The depth and breadth of Johnny Depp's roles during his film career has been astonishing. The actor says that before he takes a part, he reads the script, thinks about the character he's supposed to play, and asks himself which ingredients he could add to make it an irresistible dish. Here's a last of films featuring his most savory creations:

Cry-Baby (1990): In this tongue-in-cheek parody of his own TV-heartthrob image, Depp plays Wade "Cry Baby" Walker, the toughest and coolest guy in high school. Depp took a chance with the outrageous comedy written and directed by John (Pink Flamingos) Waters and proved to audiences that he was more than a pretty face.

Edward Scissorhands (1990): Here, Depp portrays a bizarre and lonely man-made creature with metallic hands, longing for acceptance in his suburban neighborhood. The actor once observed that director Tim Burton chose him for the role because "[he] felt my looks were deceptive. ... I wasn't what people thought."

Benny & Joon (1993): To prepare for his role as an illiterate and virtually speechless circus performer with a fascination for Buster Keaton, Depp watched tapes of the brilliant silent comic and became a credible mime. The story revolves around Depp's character's touching romance with a young mentally ill woman played by Mary Stuart Masterson.

What's Eating Gilbert Grape? (1993): In this small but well-executed movie about a dysfunctional family, Depp plays the title character, a restless young man in a small town who is burdened by a 600-pound mother and a retarded brother (an impressive Leonardo DiCaprio).

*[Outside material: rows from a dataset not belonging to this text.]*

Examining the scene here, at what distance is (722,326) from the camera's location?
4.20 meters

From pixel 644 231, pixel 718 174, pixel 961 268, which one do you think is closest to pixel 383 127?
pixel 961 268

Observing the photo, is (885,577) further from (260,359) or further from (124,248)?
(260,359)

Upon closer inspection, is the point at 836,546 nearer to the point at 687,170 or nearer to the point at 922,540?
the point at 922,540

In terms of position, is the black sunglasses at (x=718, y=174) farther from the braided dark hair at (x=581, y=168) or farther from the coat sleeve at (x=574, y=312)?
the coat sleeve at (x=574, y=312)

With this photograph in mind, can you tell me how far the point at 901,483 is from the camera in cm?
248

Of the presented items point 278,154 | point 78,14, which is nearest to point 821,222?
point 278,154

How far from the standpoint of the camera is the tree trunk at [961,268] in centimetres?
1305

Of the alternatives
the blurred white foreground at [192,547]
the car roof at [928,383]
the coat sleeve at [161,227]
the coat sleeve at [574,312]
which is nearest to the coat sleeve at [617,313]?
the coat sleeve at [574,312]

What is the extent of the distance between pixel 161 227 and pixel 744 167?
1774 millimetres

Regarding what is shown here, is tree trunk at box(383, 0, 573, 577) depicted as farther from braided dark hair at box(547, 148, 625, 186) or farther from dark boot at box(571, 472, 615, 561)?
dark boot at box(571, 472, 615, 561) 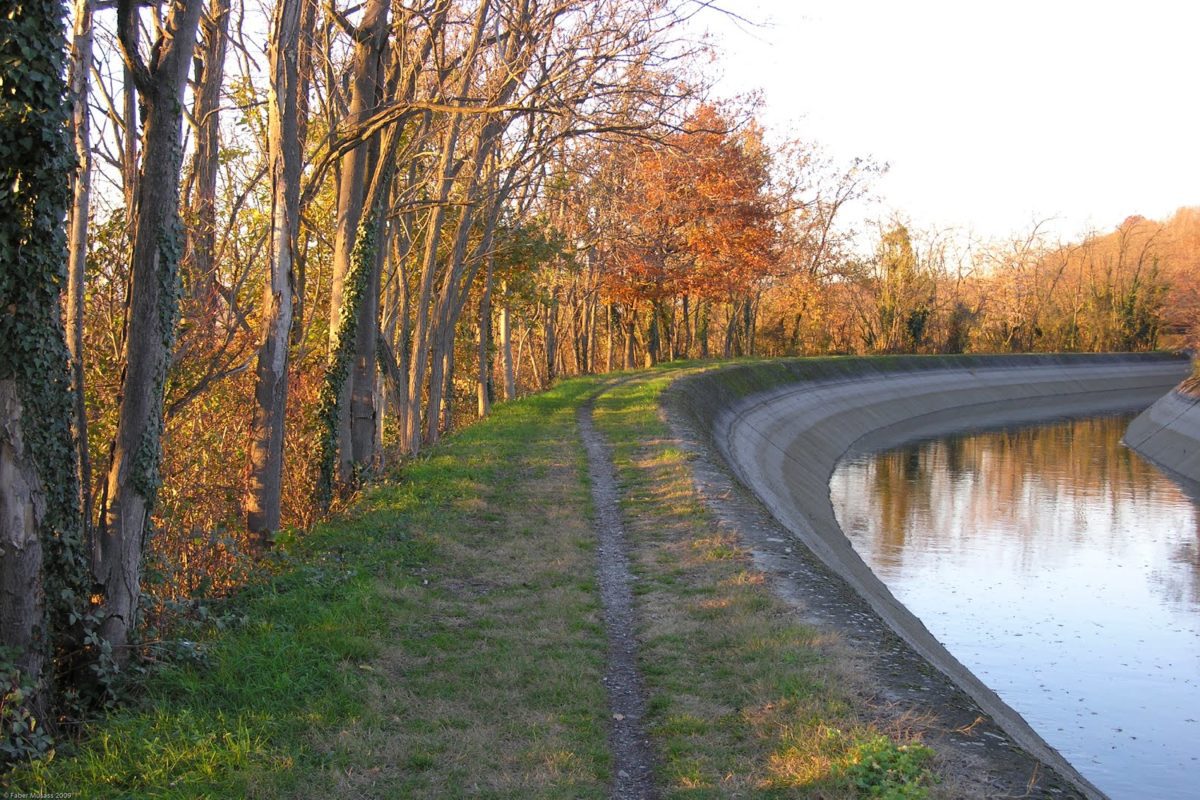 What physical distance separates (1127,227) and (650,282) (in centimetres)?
6449

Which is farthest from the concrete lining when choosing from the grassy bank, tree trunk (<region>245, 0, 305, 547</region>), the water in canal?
tree trunk (<region>245, 0, 305, 547</region>)

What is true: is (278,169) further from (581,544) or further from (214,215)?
(581,544)

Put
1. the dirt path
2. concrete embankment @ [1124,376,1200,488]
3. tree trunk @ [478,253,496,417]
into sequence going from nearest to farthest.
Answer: the dirt path < tree trunk @ [478,253,496,417] < concrete embankment @ [1124,376,1200,488]

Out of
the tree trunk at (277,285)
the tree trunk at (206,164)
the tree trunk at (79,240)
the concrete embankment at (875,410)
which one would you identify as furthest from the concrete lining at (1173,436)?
the tree trunk at (79,240)

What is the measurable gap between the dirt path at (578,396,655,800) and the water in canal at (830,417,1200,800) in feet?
17.4

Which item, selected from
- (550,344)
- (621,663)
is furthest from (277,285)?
(550,344)

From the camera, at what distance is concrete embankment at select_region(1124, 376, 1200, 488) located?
35344 millimetres

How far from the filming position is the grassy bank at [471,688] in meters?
5.73

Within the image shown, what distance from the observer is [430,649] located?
26.1 feet

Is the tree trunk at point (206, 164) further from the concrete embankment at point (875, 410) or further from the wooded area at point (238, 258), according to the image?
the concrete embankment at point (875, 410)

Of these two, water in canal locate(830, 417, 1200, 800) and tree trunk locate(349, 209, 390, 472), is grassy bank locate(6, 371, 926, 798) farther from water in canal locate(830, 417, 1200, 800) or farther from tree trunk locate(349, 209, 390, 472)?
water in canal locate(830, 417, 1200, 800)

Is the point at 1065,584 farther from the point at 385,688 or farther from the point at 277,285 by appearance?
the point at 385,688

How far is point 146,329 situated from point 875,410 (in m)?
44.8

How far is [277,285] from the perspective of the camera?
436 inches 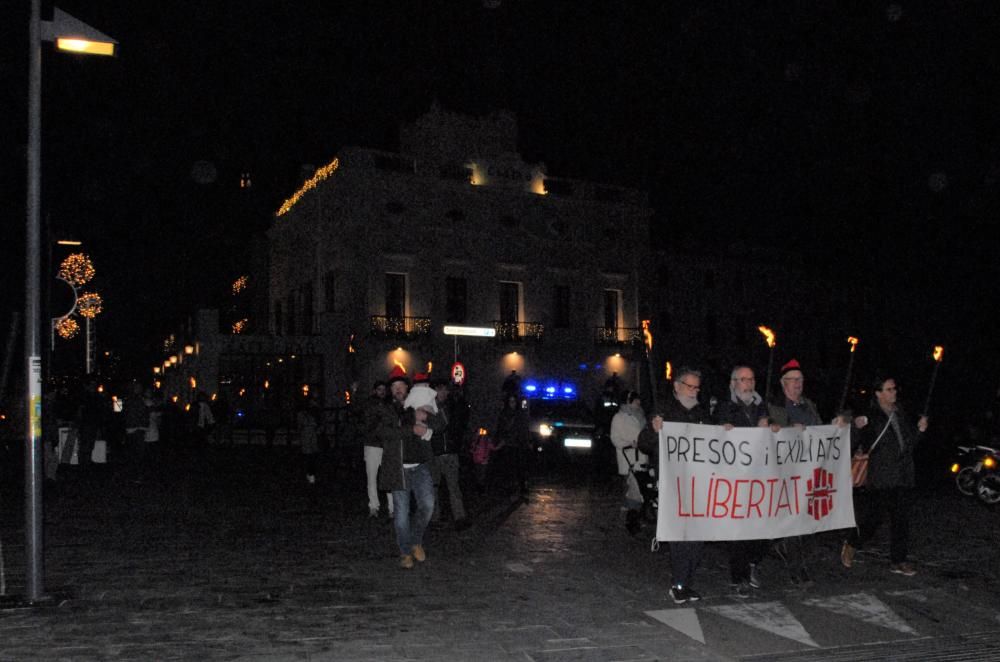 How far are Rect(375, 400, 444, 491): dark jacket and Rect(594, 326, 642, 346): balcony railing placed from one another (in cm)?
3601

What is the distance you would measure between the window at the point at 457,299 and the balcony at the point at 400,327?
136cm

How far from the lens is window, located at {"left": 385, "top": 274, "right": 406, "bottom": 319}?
40906 millimetres

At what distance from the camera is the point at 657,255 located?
161 feet

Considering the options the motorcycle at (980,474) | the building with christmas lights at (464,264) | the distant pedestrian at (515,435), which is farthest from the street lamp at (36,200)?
the building with christmas lights at (464,264)

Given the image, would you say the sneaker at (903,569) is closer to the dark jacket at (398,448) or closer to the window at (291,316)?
the dark jacket at (398,448)

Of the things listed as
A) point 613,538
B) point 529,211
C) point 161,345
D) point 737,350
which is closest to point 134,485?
point 613,538

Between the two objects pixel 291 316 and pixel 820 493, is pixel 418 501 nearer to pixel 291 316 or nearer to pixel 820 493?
pixel 820 493

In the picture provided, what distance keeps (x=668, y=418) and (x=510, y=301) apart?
35.7 metres

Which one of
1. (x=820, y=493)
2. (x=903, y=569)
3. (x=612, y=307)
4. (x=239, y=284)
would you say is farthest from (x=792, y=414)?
(x=239, y=284)

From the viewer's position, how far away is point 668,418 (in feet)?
26.5

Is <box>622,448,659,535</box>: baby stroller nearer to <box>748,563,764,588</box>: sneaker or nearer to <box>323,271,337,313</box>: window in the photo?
<box>748,563,764,588</box>: sneaker

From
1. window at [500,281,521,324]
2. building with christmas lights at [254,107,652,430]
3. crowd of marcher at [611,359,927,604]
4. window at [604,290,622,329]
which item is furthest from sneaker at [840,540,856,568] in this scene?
window at [604,290,622,329]

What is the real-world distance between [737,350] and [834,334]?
27.5ft

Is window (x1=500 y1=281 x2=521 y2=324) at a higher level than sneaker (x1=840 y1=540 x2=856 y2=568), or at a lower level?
higher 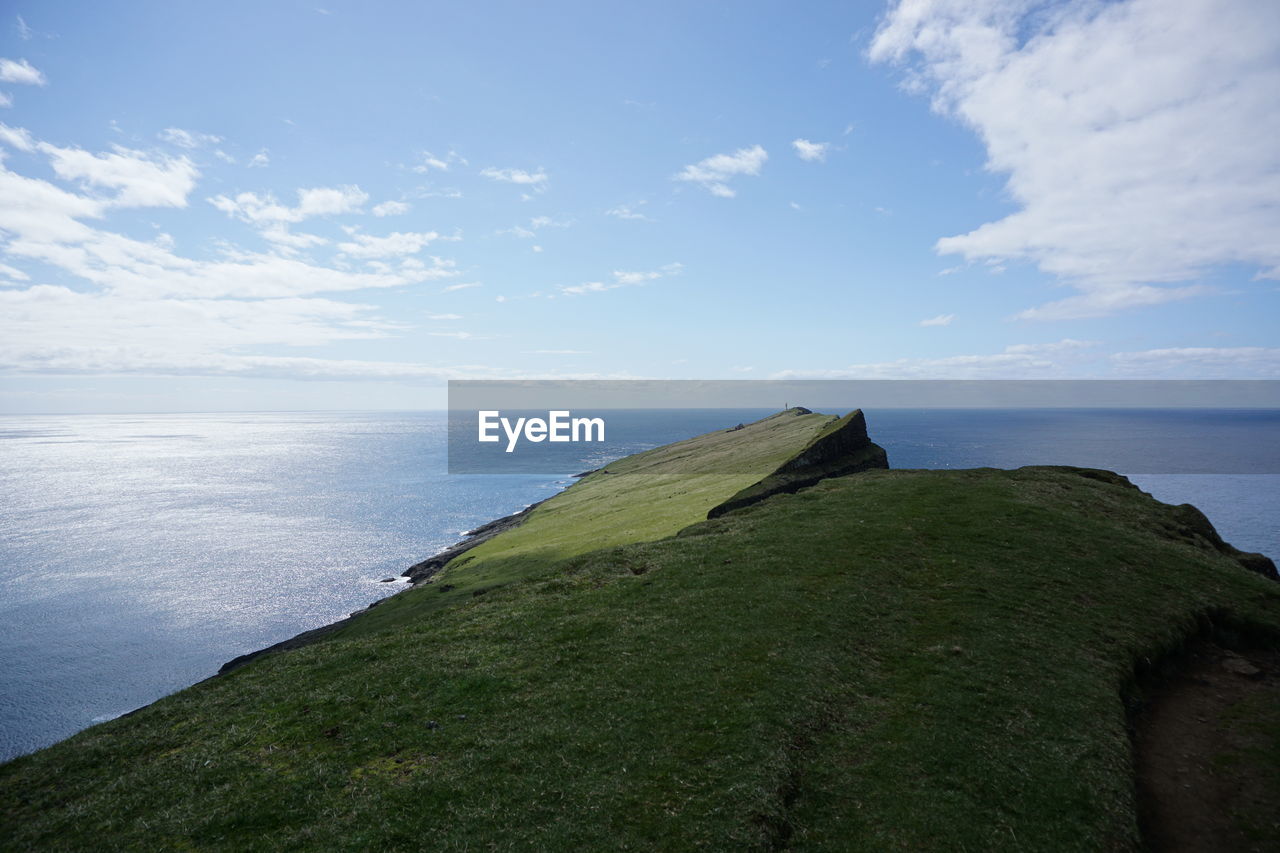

Ed Wood (1994): Again, the former heartthrob scores, this time swathed in angora as the late B-movie director Edward D. Wood, Jr., who got a kick out of wearing women's clothes and making schlock films like Plan 9 From Outer Spaceband Glen or Glenda.

Don Juan DeMarco (1995): In a surprisingly delicate performance, Depp plays a schizophrenic who relieves his angst by impersonating the world's greatest lover. A tubby Marlon Brando costars as the wise psychiatrist who tries to help the young man and gets drawn into his obsession.

Donnie Brasco (1997): Depp is cool and tough as real-life FBI agent Joe Pistone, who went undercover for six years during the '70s to infiltrate a Mafia "family" and developed a deep filial bond with an aging, small-time mafioso (Al Pacino).